Affiche de Lucienne Dugard
Lucienne Dugard

Blanche Neige

Même si Lucienne Dugard reste le nom par lequel on la connaît aujourd'hui, il semble que sa popularité ne sera plus jamais celle de 1938 : alors que Le Petit Parisien du 11 juillet 1939 publie sa photo et annonce ses débuts dans le cinéma, vraisemblablement modeste car le film n'est pas nommé, l'article commence ainsi : "Vous ne la connaissez pas ? Peut-être, mais vous l'avez sûrement entendue." C'est d'ailleurs cet article qui, entre autres, a pu entretenir le doute dans l'esprit du public. Tout d'abord le titre en est : "Lucienne Dugard, la "voix" de Blanche Neige". Ensuite, on peut y lire "Souvenez-vous de cette voix (...) qu'elle prêta à la touchante héroïne du conte de Grimm." ou "On me demanda d'interpréter vocalement la version française du film." Pas étonnant dès lors qu'on ait pensé à l'époque qu'elle parlait du film et non des disques. Cet article semble être le premier d'une longue liste reprenant cette information erronée que la chanteuse n'a probablement pas découragée, étant donné le peu de risque de démenti de la véritable interprète. Pourtant, sa description de la façon dont elle a été amenée à les enregistrer contredit ce mensonge dans ce même article puisqu'elle y concède avoir vu le film avant. "Quand on présenta Blanche Neige, le directeur d'une grande firme de disques m'y conduisit en me demandant de choisir l'air qui me plairait pour l'enregistrer."

Après Blanche Neige

M. Le Petit dans Le Mercure de France décrit sa prestation à l'A.B.C. en novembre 1939 où elle se produit dans une grande robe blanche devant un décor noir : "Nulle esbroufe chez elle, nulle recherche d'effets faciles, nulle coquetterie vulgaire. La modestie est sa parure." Début 1940, elle se produit à l'Européen avec Charpini, et enchaîne les galas de bienfaisance et devient marraine de guerre. Bien qu'on lui demande en juin 1940 de quitter sa propriété de Bougival avec son chien et ses trois chats, elle s'installe à Paris et l'occupation ne semble pas interrompre sa carrière qui se poursuit à la radio et sur les scènes du Paramount, du Normandie et d'autres salles de cinéma en complément de programme des films projetés, puis au cabaret L'Aiglon en 1941, en tournée d'été à Biarritz, puis à L'Alhambra. Elle chante également "Les jardins nous attendent" de Jean Tranchant dans le film Ici l’on pêche. Occasionnellement présentée comme "La voix de Blanche Neige" bien que cet attribut soit plus rare après l’interdiction du film, elle ne cesse de travailler et écope d'un blâme par le comité d'épuration du spectacle en janvier 1946. Elle continue à se produire sur scène dans le 18e arrondissement de Paris deux mois après. Le même journal "Combat" qui annonce l'affaire, rapporte 9 mois plus tard qu'elle faisait partie du réseau de résistance "Comète". L'intransigeant du 12 juillet 1951 annonce qu'elle part pour Rio de Janeiro donner des récitals de chansons "1900".
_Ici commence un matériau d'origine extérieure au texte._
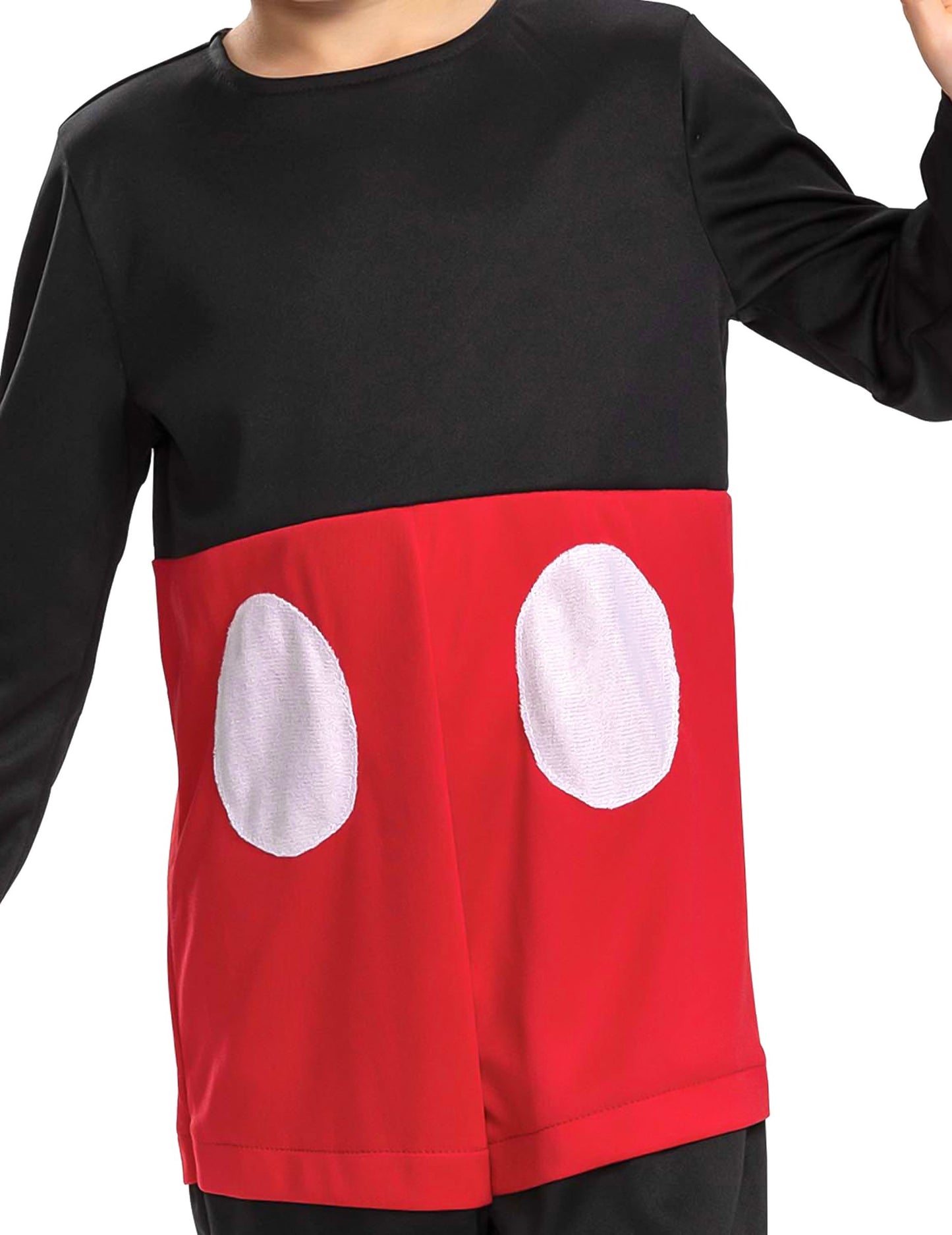 Costum pentru copii Mickey Mouse Afișare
Elle se remarie avec Jules Georges Moneron, directeur d'usine, né à Paris le 24 mars 1904, lequel apparaît à la télévision le 10 mars 1985, alors veuf de la chanteuse, pour demander à Pierre Bellemare de retrouver des chansons de sa femme défunte, car celle-ci a offert tous ses disques à ses amis. Il décède très peu de temps après, le 1er juin 1985 à Aix en Provence.